One week after Big Guy failed to cross the strait between islands, he was again on our island but this time with a band of approximately 20 other deer. At mid-morning, a contingent of six of these deer opted to swim to the next island north. Big Guy was one of them. They entered the water off the north tip of our island as Big Guy had done one week earlier and they swam directly across the strait to the southern tip of the next island north as Big Guy had previously attempted to do. But today, Big Guy swam the entire distance positioned right behind and in the wake of a strong-swimming, lead doe. It took 10 minutes to make the crossing. Upon hauling out onto the southern tip of the north island, Big Guy shook the water out of his coat and then hustled onto the grass-covered central section of the island to consume the energy-enriching fodder that would help replace the deficits incurred during breeding and winter stress.
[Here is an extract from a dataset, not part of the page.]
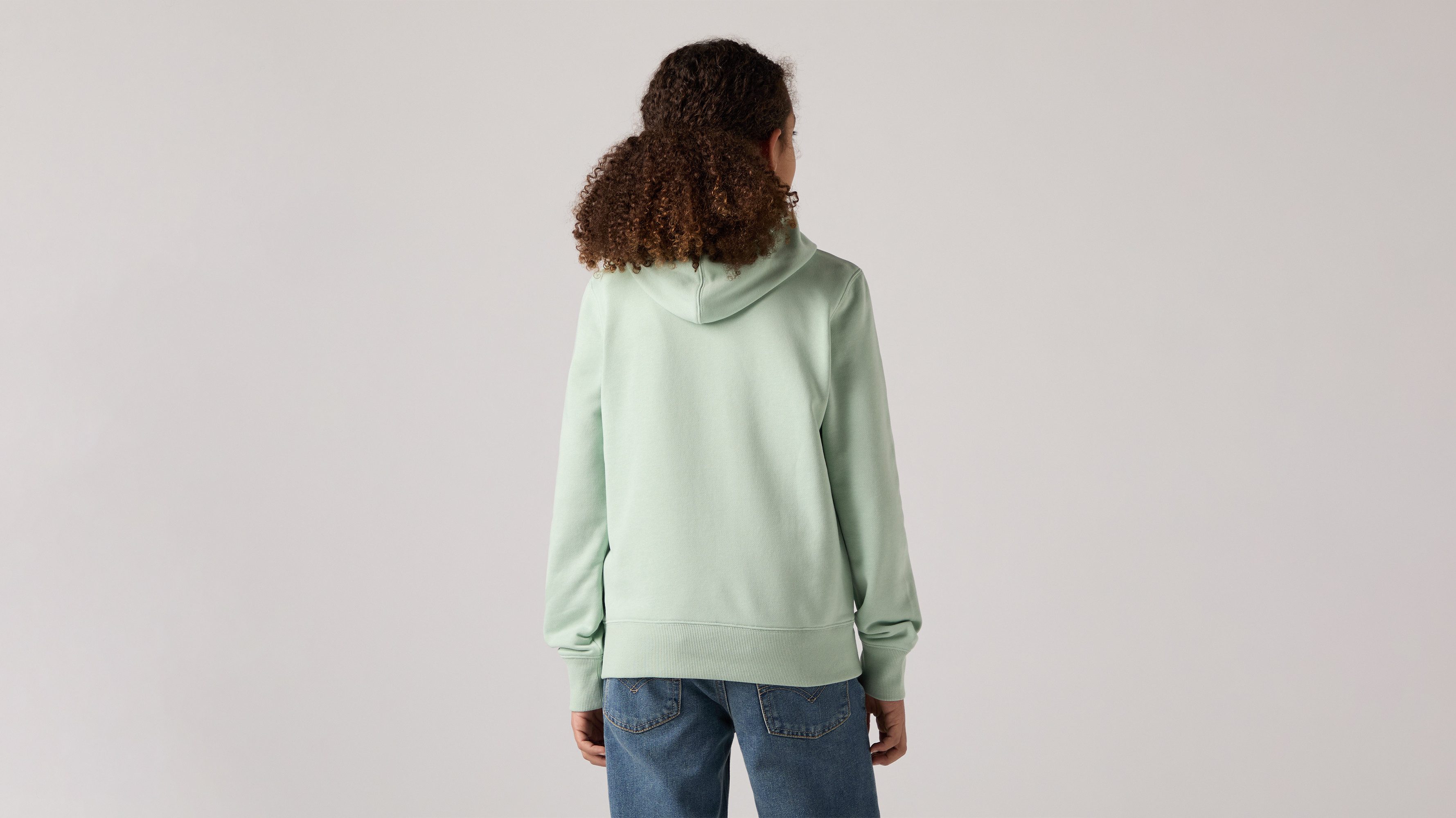 Levi's® Kids Hoodie LVB MINI BATWING PULL OVER HOO for BOYS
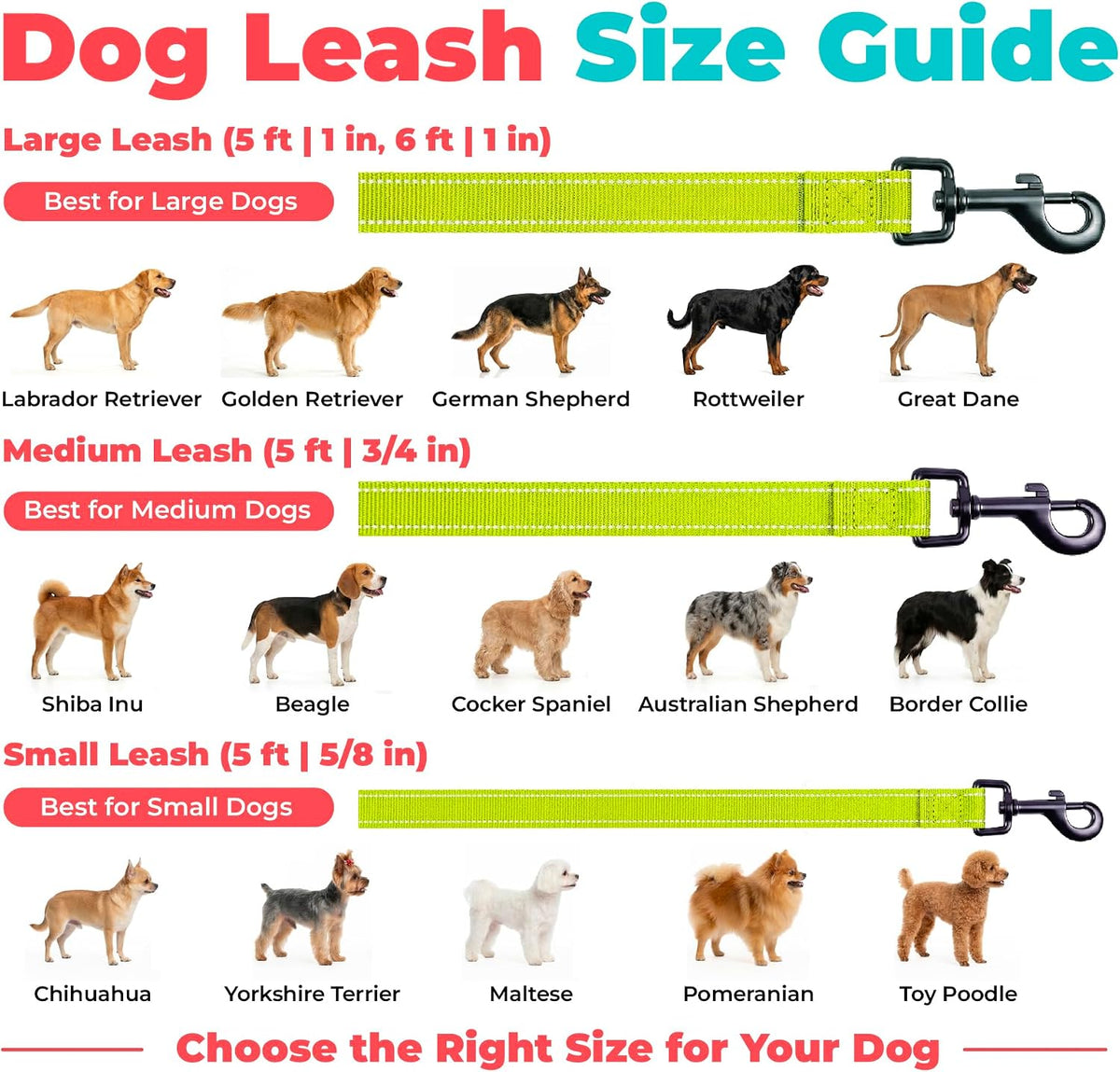 Best Pet Supplies Voyager Nylon Dog Leash - Lime Green, Small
I suspect that Big Guy would not have made it across the strait if he hadn’t had the strong-swimming doe breaking current ahead of him.
So where is the parable? Here it is. In the matter-of-fact theme of life and death, the transition between the one state and the other is not necessarily instantaneous as at the bird feeder when the hawk catches the songbird. Rather, as in Big Guy’s case, the transition from full to diminished vitality takes place over an extended period of slow, progressive diminution. To compensate for this diminution, the aging person needs to become part of a community with younger people. In his wisdom, the old person lets the younger people do the heavy lifting associated with physically-taxing life chores. By this, he extends the time over which he may continue with life’s basic activities, i.e. he lets the strong-swimming young person break current and then swims in her wake to get to the next island. That is far better than going to the old folk’s home and regressing into a complacent, sedentary life before succumbing to the denouement.